One thing I’m noticing in the bigger picture sorta way is there’s gonna be more pitchers in this fantasy baseball rookies series this year than other years. The nature of the season made it more conducive for rookies to be called up, and rookie pitchers had no way of exceeding eligibility requirements. On a side but related note, this year made it abundantly clear that teams only keep prospects down in the minors because of phony money concerns. I mean, the concerns are phony, not that their money is phony. It’s real, and absurd. Not to become Willy Woke, but if a guy is worth $5 billion dollars; he can afford to promote a prospect and lose control of him a year early. On another side but related note, how many teams in the playoffs would’ve not been in the playoffs or there with a totally different looking rotation? It’s hard to imagine the Braves getting to the playoffs with the rotation of Max Fried, Kyle Wright and Ian Anderson. That’s not to say I don’t like them (to varying degrees). But if, say, the Braves called up Ian Anderson in May, his arm would’ve been so taxed by the playoffs, or just shut down. It’s interesting (to me, at least) to think of what a guy like Ian Anderson would’ve been in a 162-game season. Him especially, because he could’ve been up in May, and pitched 150 IP. I have an idea! Let’s actually figure out what he can do in a full season! Bravo, Grey, an ingenious plan! So, what can we expect from Ian Anderson for 2021 fantasy baseball?

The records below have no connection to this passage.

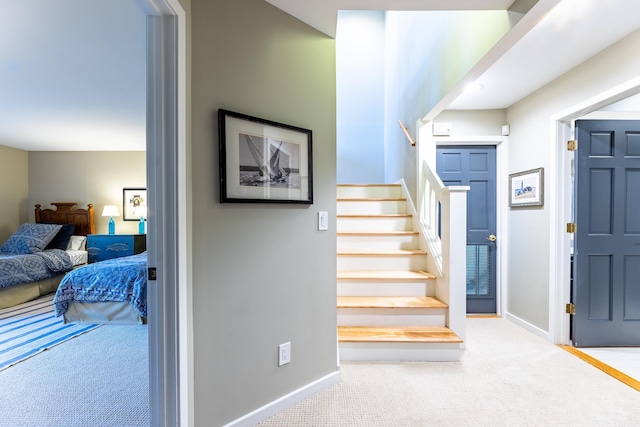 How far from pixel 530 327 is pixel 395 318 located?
160 centimetres

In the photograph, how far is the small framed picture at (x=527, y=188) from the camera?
2.88 meters

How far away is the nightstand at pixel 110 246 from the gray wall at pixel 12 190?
60.4 inches

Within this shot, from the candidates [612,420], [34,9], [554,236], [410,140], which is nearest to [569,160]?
[554,236]

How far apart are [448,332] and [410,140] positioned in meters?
2.01

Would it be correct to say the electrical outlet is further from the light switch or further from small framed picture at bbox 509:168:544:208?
small framed picture at bbox 509:168:544:208

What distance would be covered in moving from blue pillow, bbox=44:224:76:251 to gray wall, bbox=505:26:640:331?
6.43 m

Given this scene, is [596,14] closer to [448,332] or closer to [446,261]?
[446,261]

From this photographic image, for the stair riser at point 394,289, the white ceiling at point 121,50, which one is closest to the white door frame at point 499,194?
the white ceiling at point 121,50

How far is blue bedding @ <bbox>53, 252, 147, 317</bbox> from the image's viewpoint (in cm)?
295

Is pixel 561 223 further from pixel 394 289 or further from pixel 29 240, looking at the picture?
pixel 29 240

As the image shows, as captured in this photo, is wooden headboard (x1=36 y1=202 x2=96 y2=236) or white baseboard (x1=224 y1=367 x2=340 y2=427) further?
wooden headboard (x1=36 y1=202 x2=96 y2=236)

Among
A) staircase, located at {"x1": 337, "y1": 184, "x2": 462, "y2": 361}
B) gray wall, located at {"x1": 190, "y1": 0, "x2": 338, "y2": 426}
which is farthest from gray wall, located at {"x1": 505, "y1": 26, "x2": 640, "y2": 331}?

In Double and Triple-A in 2019, Ian Anderson threw 135 2/3 IP with dazzling numbers in Double-A (2.68 ERA, 11.9 K/9 in 111 IP), but middling results in a short stint in Triple-A (6.57 ERA, 6.57 BB/9, which should win something because they’re the same numbers — prolly would’ve won another year in Triple-A). Ian Anderson followed all those minor league numbers with his major league debut this year and the stats in 32 1/3 IP: 1.95 ERA, 11.4 K/9 (drool), 3.9 BB/9 (drooling because you fell asleep on the couch), then in the postseason a 4.8 BB/9 through 18 2/3 IP, but a 11.6 K/9 and 0.96 ERA. Small sample? Sure, but they’re telling me something. The stats are ‘they.’ If you could engineer a season that would benefit a guy with terrible command that no one knew about, I’d give Ian Anderson a season like we just saw.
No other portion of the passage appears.